Unquestionably, parties to a contract may abandon or rescind a contract by mutual assent. Reed v. McLaws, 56 Ariz. 556, 110 P.2d 222; Waddell v. White, 51 Ariz. 526, 78 P.2d 490; 2 Black on Rescission and Cancellation § 532 (2nd ed. 1929). In this case the theory of abandonment or rescission is inconsistent with the evidence introduced by both parties. Plaintiff's continuous claim that defendants breached the contract strongly tends to negative any inference that plaintiff considered the agreement abandoned. The evidence throughout indicates that neither party intended to abandon the agreement since each insisted that the other party had breached the agreement. There is no affirmative evidence that either of the parties intended to abandon the agreement. The trial court did not err in denying plaintiff's motion to amend and properly refused to submit the issue of abandonment to the jury.

For the foregoing reasons the judgment of the court below is affirmed.

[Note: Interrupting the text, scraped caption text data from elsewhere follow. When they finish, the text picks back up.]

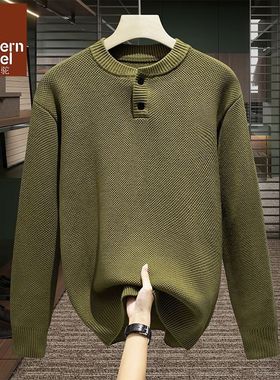 cleanfit圆领灰色针织衫男士秋季搭配宽松纽扣轻熟风帅气毛衣外套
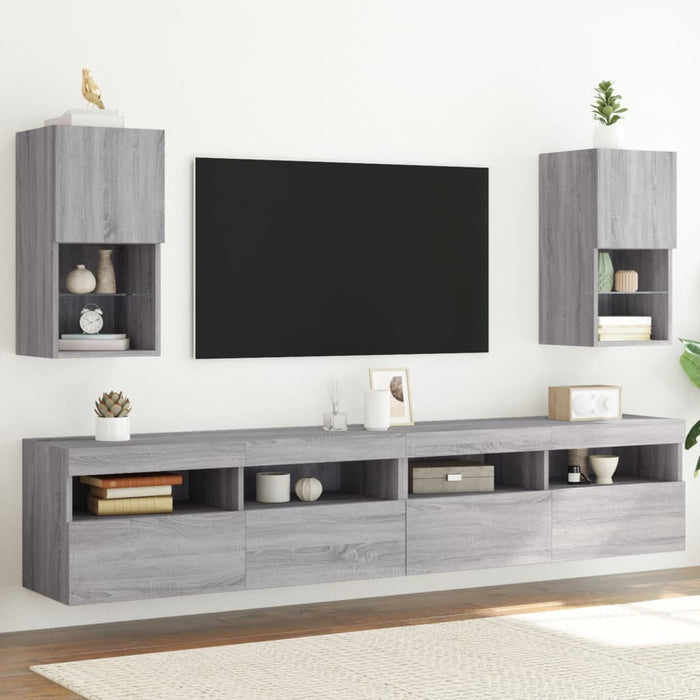 Comode TV cu lumini LED, 2 buc., gri sonoma, 30,5x30x60 cm - WALTI WALTI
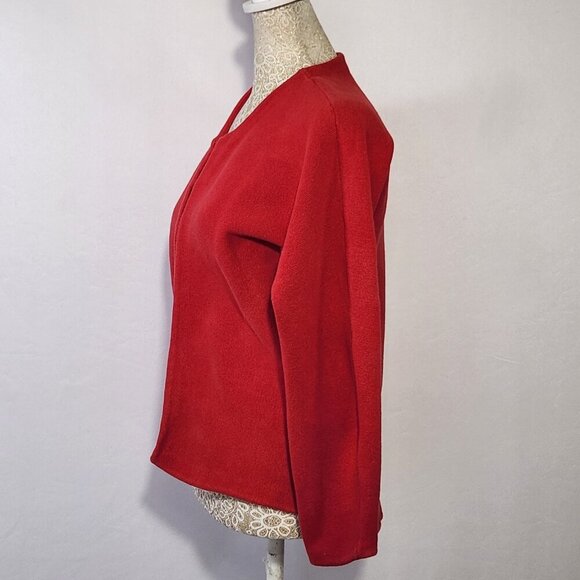 Chico's Size 2/12-L Red Long Sleeve 3/4 Clasp Front Cardigan Sweater Jacket City - Picture 9 of 15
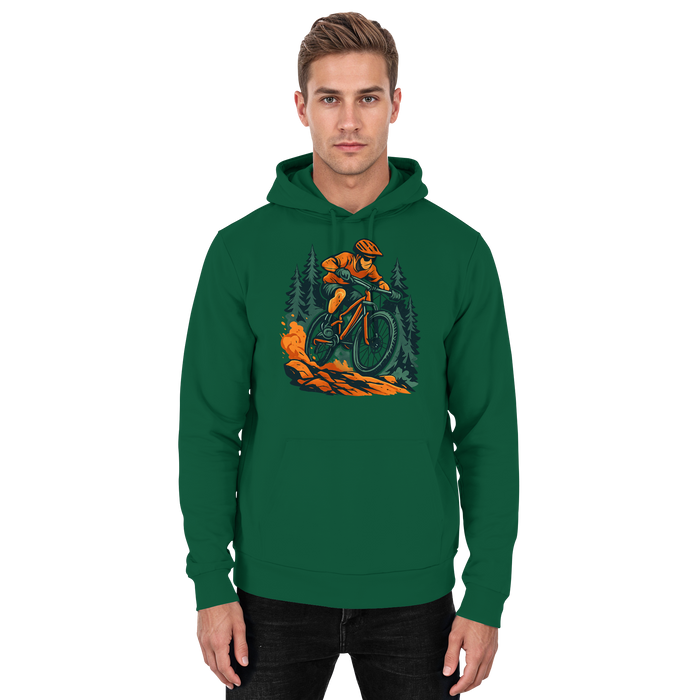 Arvenzo Dirt Rush hoodie in bottle green, unisex front view showing the casual hoodie with a simple design.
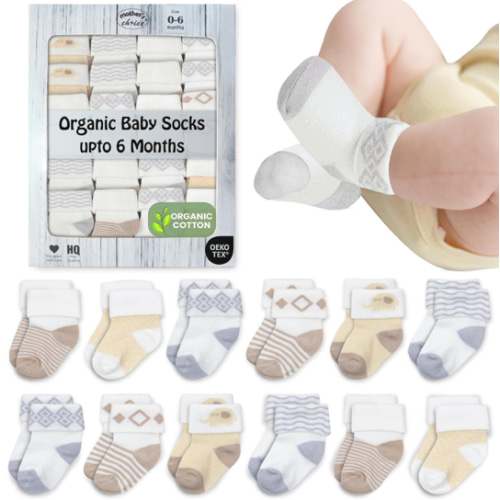 Mother's Choice Organic Cotton Baby Socks, 12 Pairs, Unisex 0-6 Months - Soft, Hypoallergenic Newborn & Infant Socks - Baby Girl & Boy Gifts, (12Pcs, Brown)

BERNSTEIN, C.J., and RUSKIN LINES, Superior Court J., concur.

NOTES

[1] The agreement signed by the parties contained the following provision:

"RENT: The said LESSEE, in consideration of the leasing of the premises aforesaid, does hereby covenant and agree to pay the said LESSOR, as rent for the same, the following sum arrived at in the following manner, to-wit:

"The rent for the ten (10) year period shall be a sum equal to ten (10) times a sum which is equal to twelve (12%) percent of the cost of the building on said premises, the paving on said premises, and the architect's fees for the building of said premises, plus the sum of ONE THOUSAND TWO HUNDRED ($1,200.00) DOLLARS. The rent shall be payable monthly, but the amount of the monthly rent shall be fixed and determined by a supplementary agreement after the said building has been completed. The first and last months rent shall be payable upon the LESSEE moving into the said premises."

[2] The addendum stated: "January 28, 1957 "ADDENDUM TO THAT CERTAIN LEASE DATED NOVEMBER 20, 1956 BETWEEN NICK DIAMOS, AS THE LESSOR, AND VICTOR AND LOIS HIRSCH AND ARPAD AND AGNES ERDOS, AS THE LESSEE.

"It is hereby understood and agreed as follows:

"that the rent shall be $200.00 per month for the first year, and $250.00 per month for the next nine years; and that the first and last months' rent shall be payable upon the Lessee's occupying the premises;

"that the Lessee may use the outside of the front wall of the building for a sign;

"that the Lessor will not unreasonably with-hold consent to the assignment of the lease;

"that the term `first year' as used in reference to the payment of taxes, means the first year in which real property taxes are levied on the building;

and that the Lessor will pay for the paving and any building extras up to and not exceeding $406.98."